» **Exercise description**: Write out each line below precisely, passing over the pictures.

Image-caption web data
################
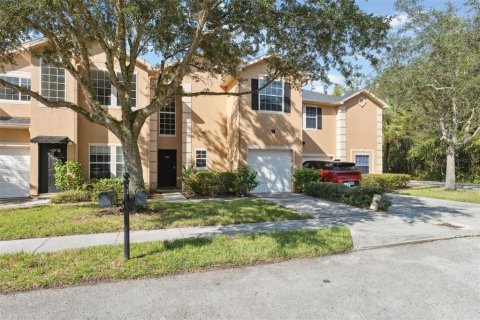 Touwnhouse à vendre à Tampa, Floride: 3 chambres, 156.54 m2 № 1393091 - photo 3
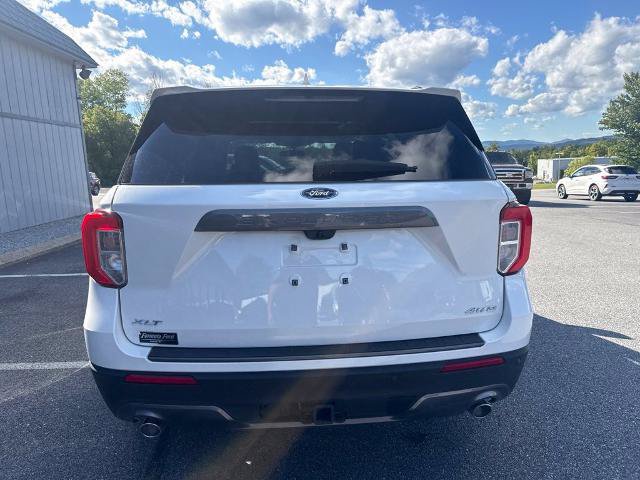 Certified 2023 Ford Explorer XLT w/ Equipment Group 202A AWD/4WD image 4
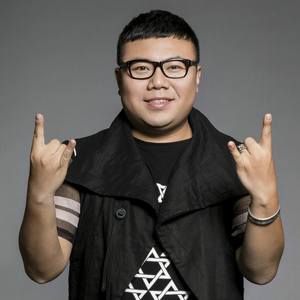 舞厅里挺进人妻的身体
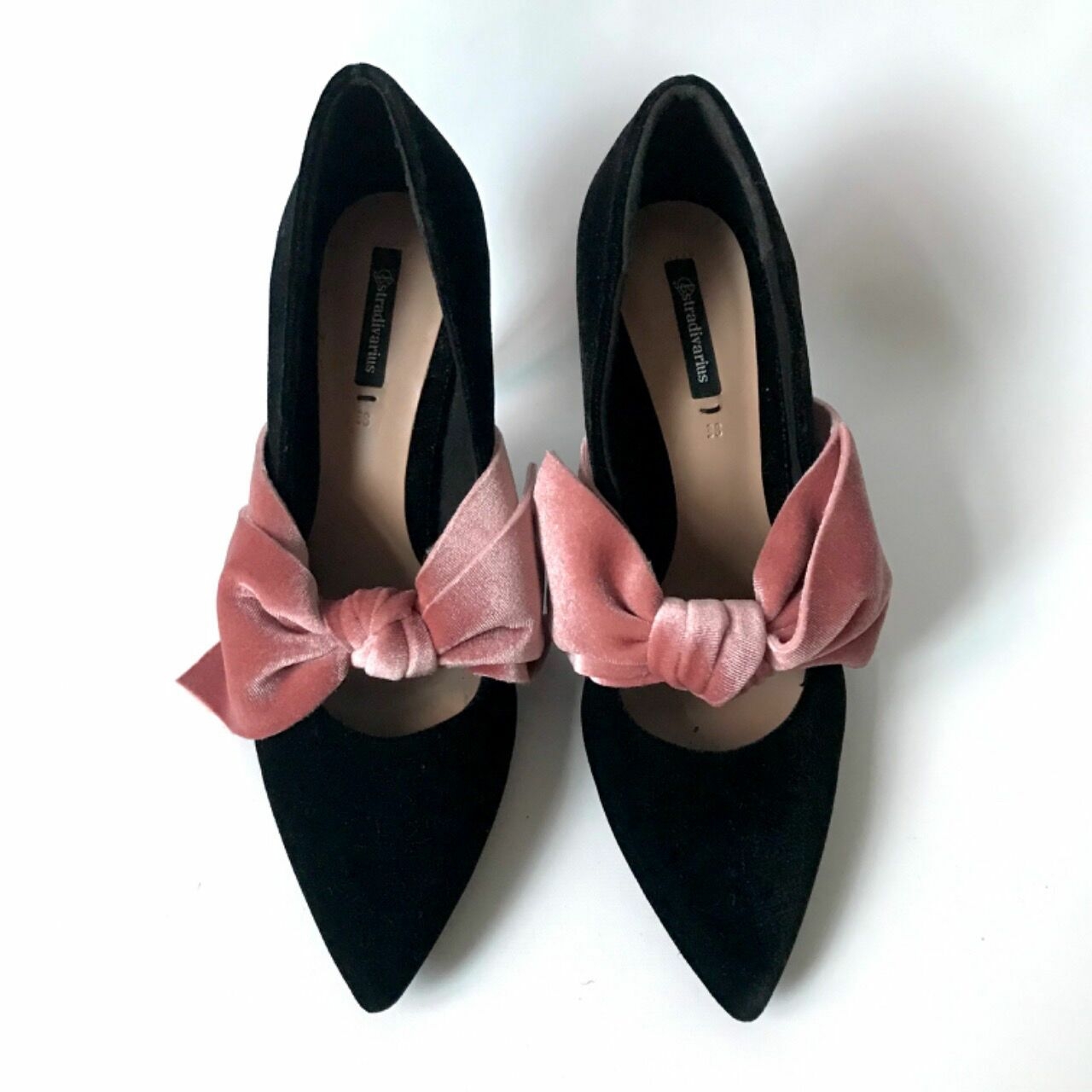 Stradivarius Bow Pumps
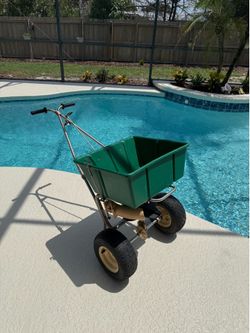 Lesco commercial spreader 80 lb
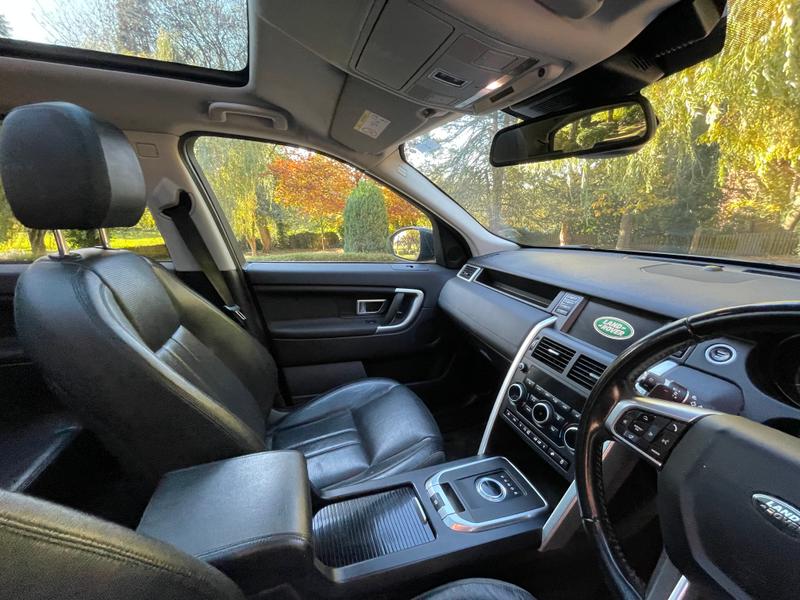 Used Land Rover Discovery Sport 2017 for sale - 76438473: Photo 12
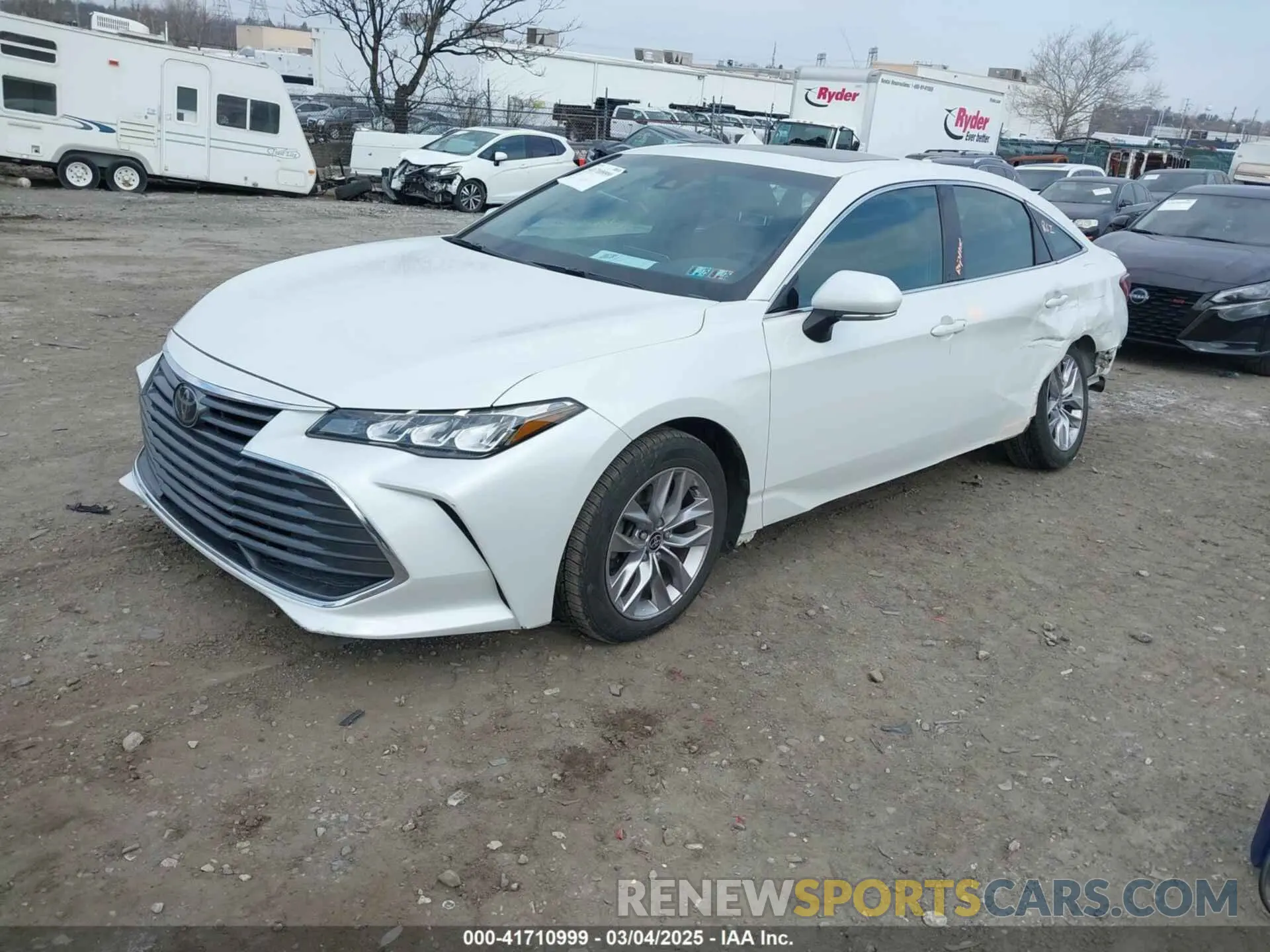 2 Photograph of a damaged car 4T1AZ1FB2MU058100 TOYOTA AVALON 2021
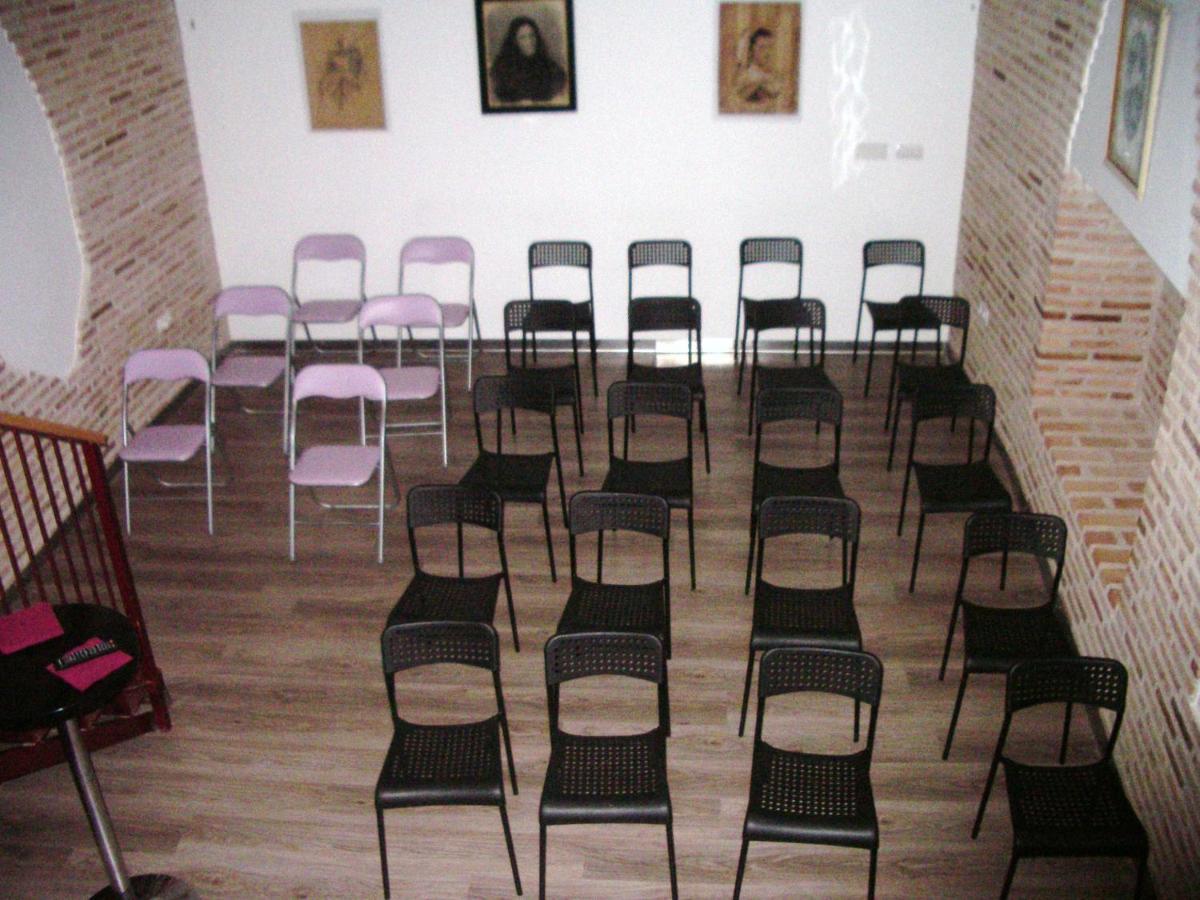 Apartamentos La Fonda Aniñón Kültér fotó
################
» **Task response**:
 Touwnhouse à vendre à Tampa, Floride: 3 chambres, 156.54 m2 № 1393091 - photo 3
 Certified 2023 Ford Explorer XLT w/ Equipment Group 202A AWD/4WD image 4
 舞厅里挺进人妻的身体
 Stradivarius Bow Pumps
 Lesco commercial spreader 80 lb
 Used Land Rover Discovery Sport 2017 for sale - 76438473: Photo 12
 2 Photograph of a damaged car 4T1AZ1FB2MU058100 TOYOTA AVALON 2021
 Apartamentos La Fonda Aniñón Kültér fotó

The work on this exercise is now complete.